How to complete this task
Repeat the data that follows, word for word, without the images.

Collected data
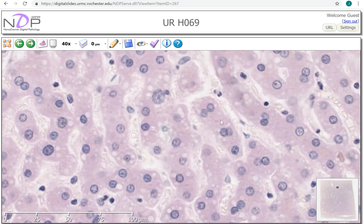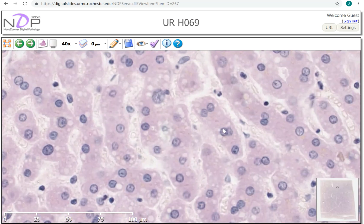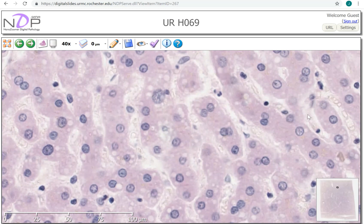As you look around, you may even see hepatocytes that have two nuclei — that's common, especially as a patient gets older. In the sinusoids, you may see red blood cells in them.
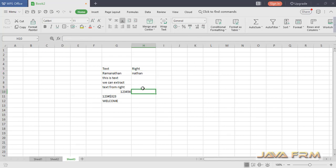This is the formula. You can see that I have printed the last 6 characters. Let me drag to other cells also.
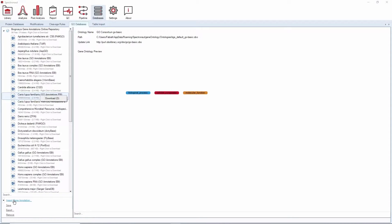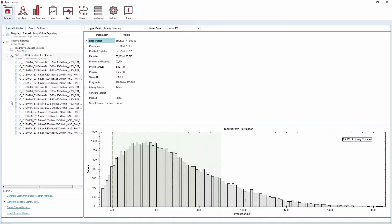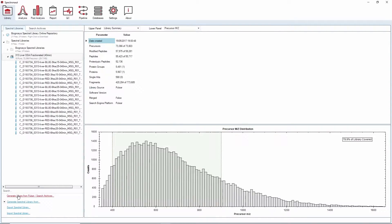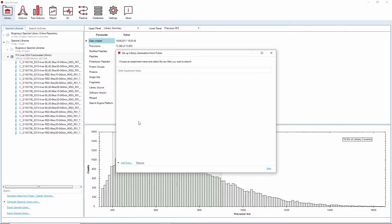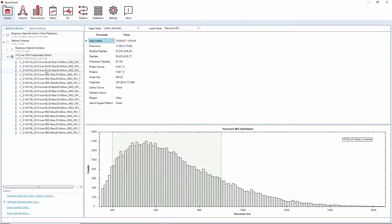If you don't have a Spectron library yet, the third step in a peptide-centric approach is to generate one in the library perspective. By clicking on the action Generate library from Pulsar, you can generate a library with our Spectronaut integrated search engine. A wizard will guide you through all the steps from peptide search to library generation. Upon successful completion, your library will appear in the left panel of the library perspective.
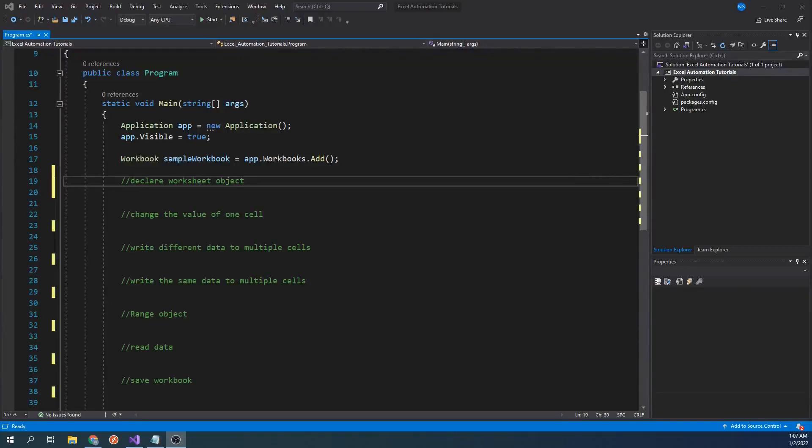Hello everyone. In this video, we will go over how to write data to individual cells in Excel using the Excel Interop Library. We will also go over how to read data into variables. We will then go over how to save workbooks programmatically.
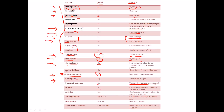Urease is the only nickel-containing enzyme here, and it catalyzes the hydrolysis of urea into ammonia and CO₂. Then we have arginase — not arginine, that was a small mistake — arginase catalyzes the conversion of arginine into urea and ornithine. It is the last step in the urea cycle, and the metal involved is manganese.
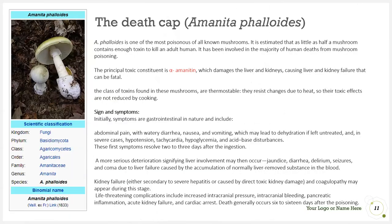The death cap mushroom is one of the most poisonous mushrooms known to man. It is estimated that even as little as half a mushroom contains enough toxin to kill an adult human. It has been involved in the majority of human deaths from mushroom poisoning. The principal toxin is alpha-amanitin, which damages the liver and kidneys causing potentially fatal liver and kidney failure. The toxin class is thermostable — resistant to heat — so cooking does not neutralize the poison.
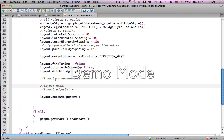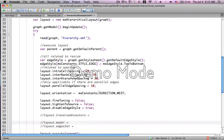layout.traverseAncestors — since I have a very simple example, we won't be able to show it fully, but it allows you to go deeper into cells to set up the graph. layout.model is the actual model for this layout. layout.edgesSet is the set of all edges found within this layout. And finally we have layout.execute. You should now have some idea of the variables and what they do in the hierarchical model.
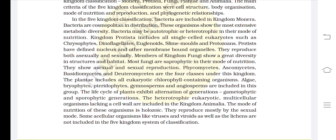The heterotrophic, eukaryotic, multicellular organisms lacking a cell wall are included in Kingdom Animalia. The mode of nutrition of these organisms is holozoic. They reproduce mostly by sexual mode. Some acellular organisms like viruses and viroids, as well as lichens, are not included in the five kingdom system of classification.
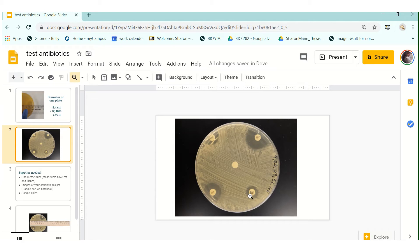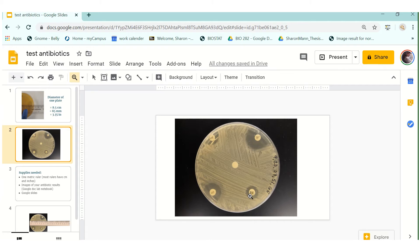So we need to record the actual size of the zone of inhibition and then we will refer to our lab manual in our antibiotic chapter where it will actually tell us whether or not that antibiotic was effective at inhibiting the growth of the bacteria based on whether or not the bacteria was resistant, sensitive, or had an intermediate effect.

Answer box
As you look around, you may even see hepatocytes that have two nuclei — that's common, especially as a patient gets older. In the sinusoids, you may see red blood cells in them.
This is the formula. You can see that I have printed the last 6 characters. Let me drag to other cells also.
If you don't have a Spectron library yet, the third step in a peptide-centric approach is to generate one in the library perspective. By clicking on the action Generate library from Pulsar, you can generate a library with our Spectronaut integrated search engine. A wizard will guide you through all the steps from peptide search to library generation. Upon successful completion, your library will appear in the left panel of the library perspective.
Hello everyone. In this video, we will go over how to write data to individual cells in Excel using the Excel Interop Library. We will also go over how to read data into variables. We will then go over how to save workbooks programmatically.
Urease is the only nickel-containing enzyme here, and it catalyzes the hydrolysis of urea into ammonia and CO₂. Then we have arginase — not arginine, that was a small mistake — arginase catalyzes the conversion of arginine into urea and ornithine. It is the last step in the urea cycle, and the metal involved is manganese.
The death cap mushroom is one of the most poisonous mushrooms known to man. It is estimated that even as little as half a mushroom contains enough toxin to kill an adult human. It has been involved in the majority of human deaths from mushroom poisoning. The principal toxin is alpha-amanitin, which damages the liver and kidneys causing potentially fatal liver and kidney failure. The toxin class is thermostable — resistant to heat — so cooking does not neutralize the poison.
layout.traverseAncestors — since I have a very simple example, we won't be able to show it fully, but it allows you to go deeper into cells to set up the graph. layout.model is the actual model for this layout. layout.edgesSet is the set of all edges found within this layout. And finally we have layout.execute. You should now have some idea of the variables and what they do in the hierarchical model.
The heterotrophic, eukaryotic, multicellular organisms lacking a cell wall are included in Kingdom Animalia. The mode of nutrition of these organisms is holozoic. They reproduce mostly by sexual mode. Some acellular organisms like viruses and viroids, as well as lichens, are not included in the five kingdom system of classification.
So we need to record the actual size of the zone of inhibition and then we will refer to our lab manual in our antibiotic chapter where it will actually tell us whether or not that antibiotic was effective at inhibiting the growth of the bacteria based on whether or not the bacteria was resistant, sensitive, or had an intermediate effect.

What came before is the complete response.